En una de los siempre últimos suicidios del arte arrojándose al pozo, cierto conceptualismo redujo la antinomia a una absurda estetización: si Sol LeWitt advirtió que sus sentencias-manifiesto no eran arte, sino solo “ideas acerca del arte”, privilegiados artistas decidieron hacer de dichas sentencias pequeñas obras de arte vía absurda estetización formalista-lumínica.
Pero lo cierto es que, afortunadamente, los tiempos han ido cambiando y del maridaje conceptual-formalista hemos ido pasando a un nietzscheanismo que sabe demasiado bien que el signo, la palabra, más que denotar idealmente mundos posibles, nos lanza, otra vez, por el pozo sin fondo de la interpretación, de los efectos de verdad y de sentido.
La actual exposición de Iván Navarro (Santiago de Chile, 1972) en la Galería Distrito 4, y que se pude ver hasta el próximo 8 de Enero, parece ser el epígono perfecto a esta historia: la del signo-texto y la de la propia violencia con que éste se ha autoimpuesto en la Modernidad entera.
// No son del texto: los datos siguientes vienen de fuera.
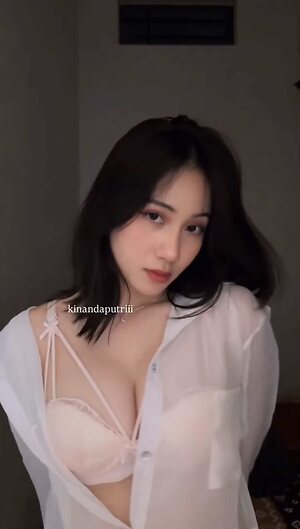 Laras Kinanda Putri leaked photo #2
Y lo hace justo ahora, ahora cuando, en palabras de José Luis Brea, “nuestra relación con los discursos, con las formas de vida, con los programas éticos, con las teorías y los paradigmas críticos o científicos, todas ellas aparecen prefiguradas por la forma de la experiencia estética”.
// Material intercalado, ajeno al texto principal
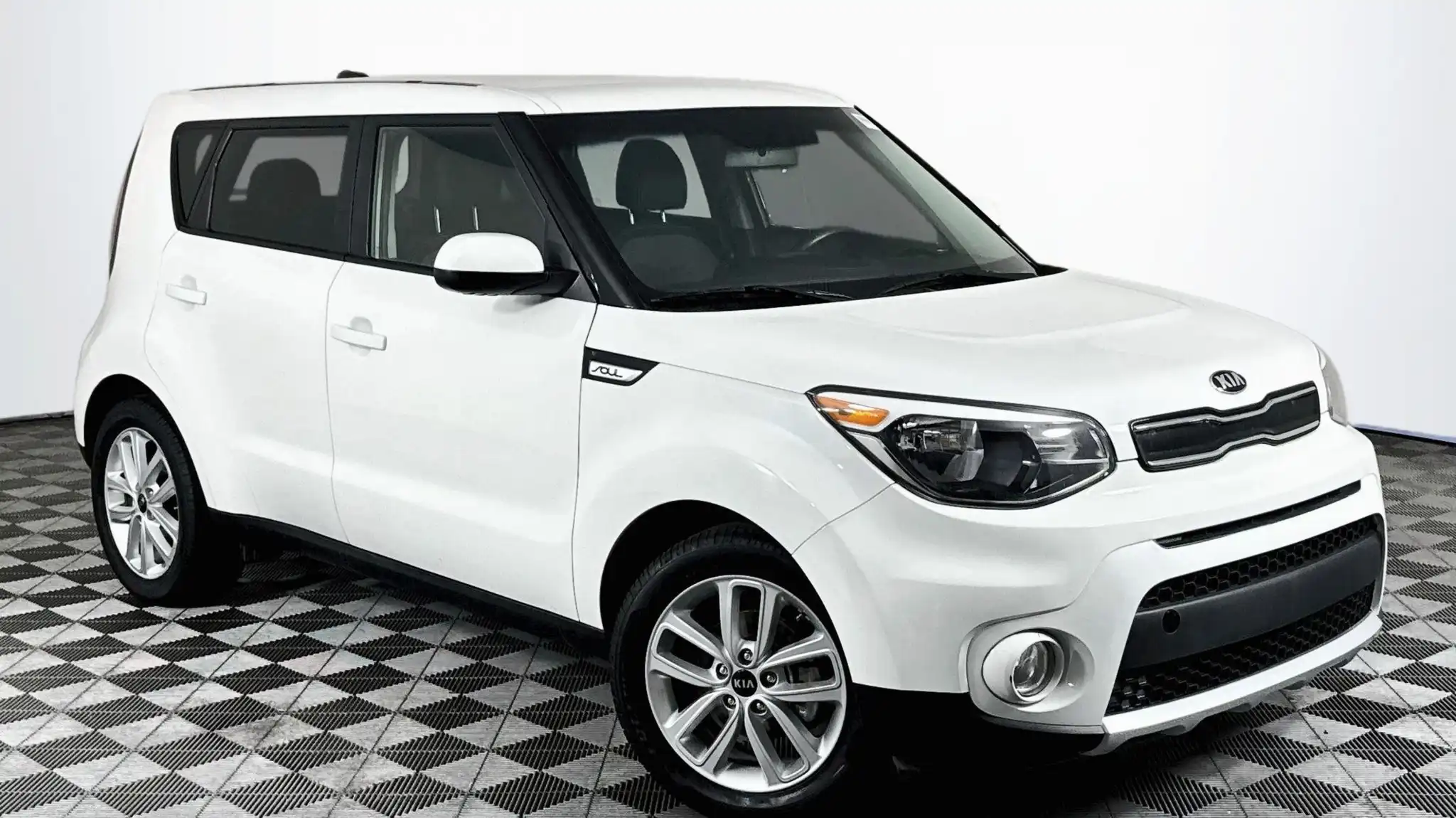 2019 Kia Soul 2.0 6AT Plus's photo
Pero es que, si se ve su carrera en perspectiva, no le quedaba más remedio. Si bien su fragilidad formal –la de unos objetos cotidianos recortados con tubos fluorescentes- nos remitía a una profunda amenaza, a un abismal miedo oculto en el deseo o en la comodidad, Navarro parece haber descubierto que la violencia originaria no es otra que la que ejerce la palabra. Porque si las políticas ergonómicas de lo ocioso y acomodaticio –plausiblemente las del deseo- quedan cercenadas en sus anteriores obras en un formalismo estético que nada tiene de inocente, lo que nos propone ahora es el descenso al pozo del lenguaje para, dese ahí, intentar una mínima trabazón, un microefecto por donde todo significado se desliza a través del dolor, la memoria y la vida.
Así pues, recontextualizar la palabra, dotarla de aquello que originariamente la esenciaba, remitirla a un olvido, a un dolor silenciado en la memoria de todos cuantos nos ha precedido; es decir, deslizarse por el pozo sin fondo del tiempo para hacerla resurgir en un nuevo vuelo. Estamos en las lindes del aparecer del ser en la palabra poética: Heidegger y la palabra como casa del ser, Victor Jara y la poesía como rebelión contra el olvido. Eso, precisamente, que nos llama cuando nos asomamos a los callados tambores por donde las palabras se deslizan: promesa y olvido, barbarie y redención, el dolor condensado de nuestra propia historia.
Magistral, en resumidas cuentas, esta exposición que nos recuerda que para luchar contra la barbarie la primera tarea es liberar al lenguaje y, más importante aún, que para ello no hay más opción que lanzarnos por el pozo del sinsentido de donde, como en la novela de Murakami, no sabemos muy bien qué nos espera.